__Exercise brief__.
Each line in the material below, starting at the one with "Ladies Women Pearl" and ending at the one with "Drune | Fleece", is to be reproduced exactly; no picture is to be copied.

__Provided records__.
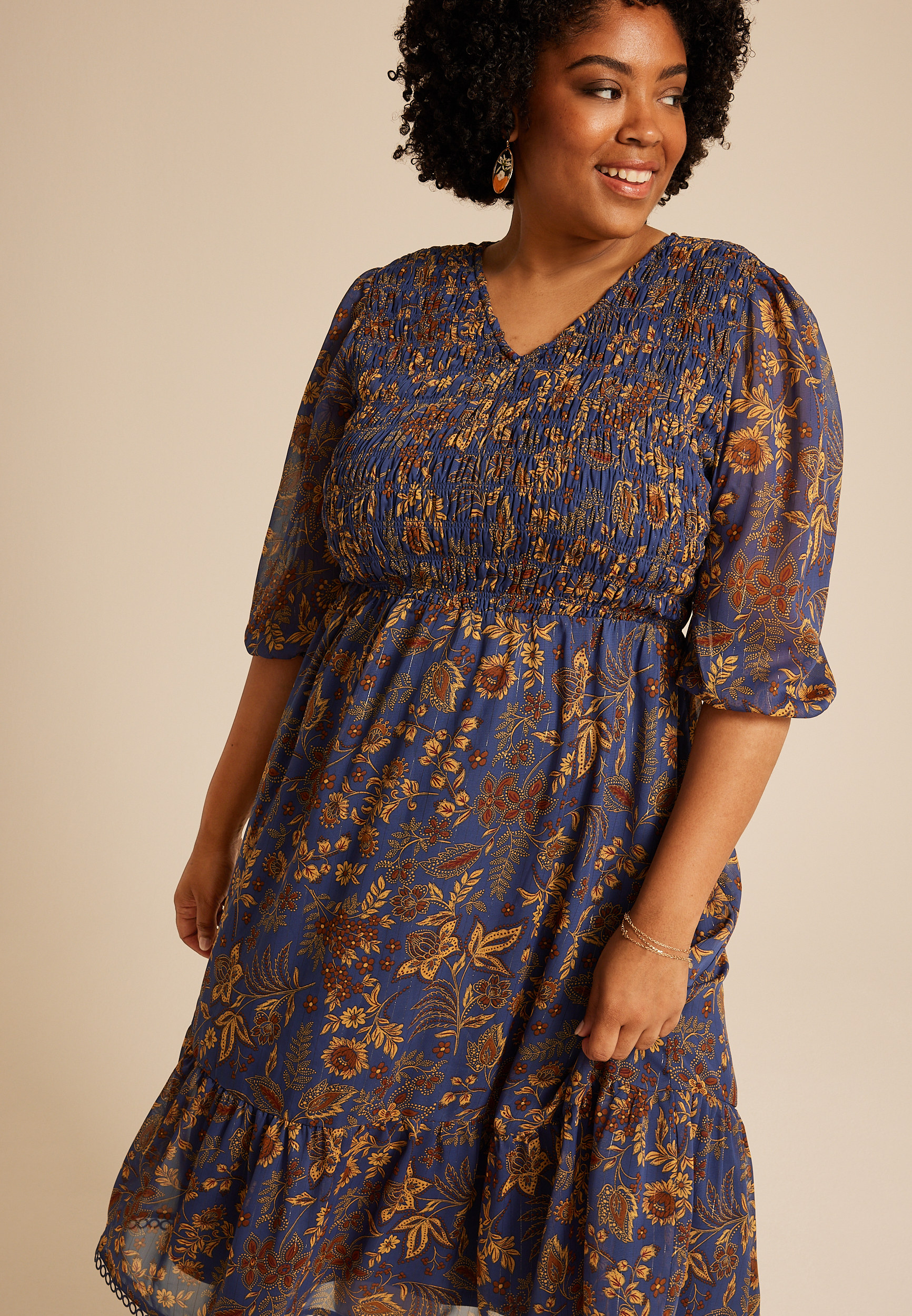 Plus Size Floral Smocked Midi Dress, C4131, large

---

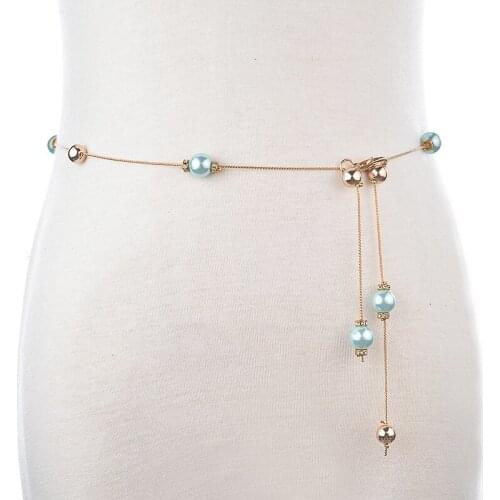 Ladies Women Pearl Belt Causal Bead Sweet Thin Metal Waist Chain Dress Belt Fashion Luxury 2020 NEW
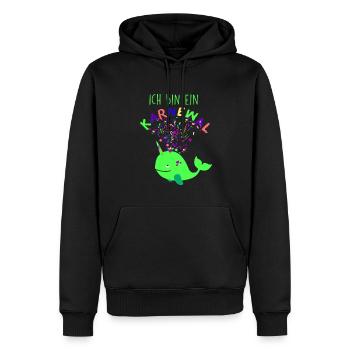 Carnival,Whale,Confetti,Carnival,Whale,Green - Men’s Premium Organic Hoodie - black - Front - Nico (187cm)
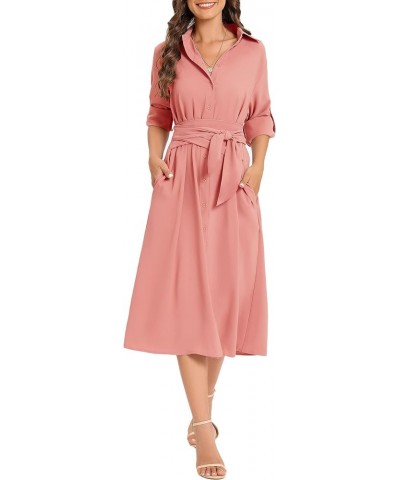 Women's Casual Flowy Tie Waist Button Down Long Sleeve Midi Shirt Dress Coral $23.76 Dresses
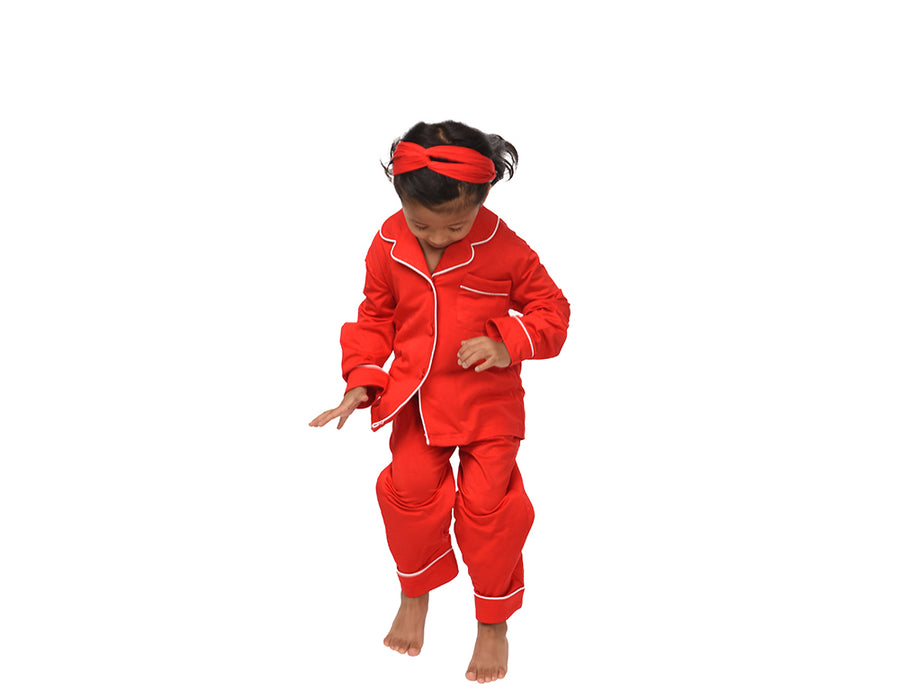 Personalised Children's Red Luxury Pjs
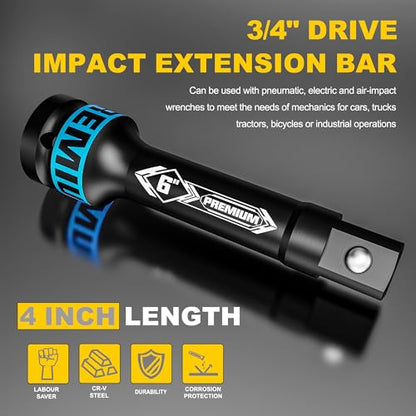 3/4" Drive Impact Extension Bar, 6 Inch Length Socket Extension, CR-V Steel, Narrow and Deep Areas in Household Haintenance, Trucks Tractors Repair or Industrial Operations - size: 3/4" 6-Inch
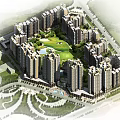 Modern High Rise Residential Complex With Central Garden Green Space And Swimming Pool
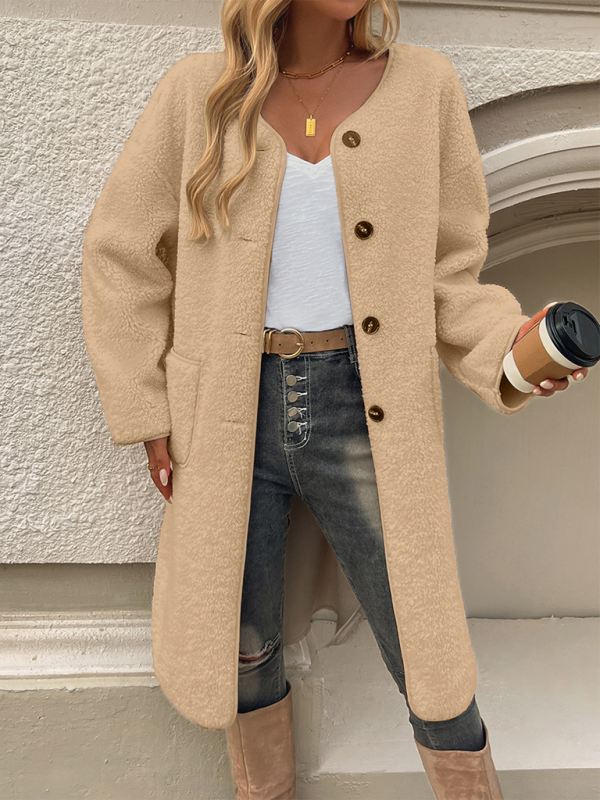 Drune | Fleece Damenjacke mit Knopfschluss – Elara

---

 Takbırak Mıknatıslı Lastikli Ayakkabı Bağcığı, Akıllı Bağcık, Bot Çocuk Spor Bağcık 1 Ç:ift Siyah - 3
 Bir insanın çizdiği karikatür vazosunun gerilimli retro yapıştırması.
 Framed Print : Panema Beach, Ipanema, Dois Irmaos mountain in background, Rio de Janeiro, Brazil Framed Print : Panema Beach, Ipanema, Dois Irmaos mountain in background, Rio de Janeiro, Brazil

__Reply to the task__.
 Ladies Women Pearl Belt Causal Bead Sweet Thin Metal Waist Chain Dress Belt Fashion Luxury 2020 NEW
 Carnival,Whale,Confetti,Carnival,Whale,Green - Men’s Premium Organic Hoodie - black - Front - Nico (187cm)
 Women's Casual Flowy Tie Waist Button Down Long Sleeve Midi Shirt Dress Coral $23.76 Dresses
 Personalised Children's Red Luxury Pjs
 3/4" Drive Impact Extension Bar, 6 Inch Length Socket Extension, CR-V Steel, Narrow and Deep Areas in Household Haintenance, Trucks Tractors Repair or Industrial Operations - size: 3/4" 6-Inch
 Modern High Rise Residential Complex With Central Garden Green Space And Swimming Pool
 Drune | Fleece Damenjacke mit Knopfschluss – Elara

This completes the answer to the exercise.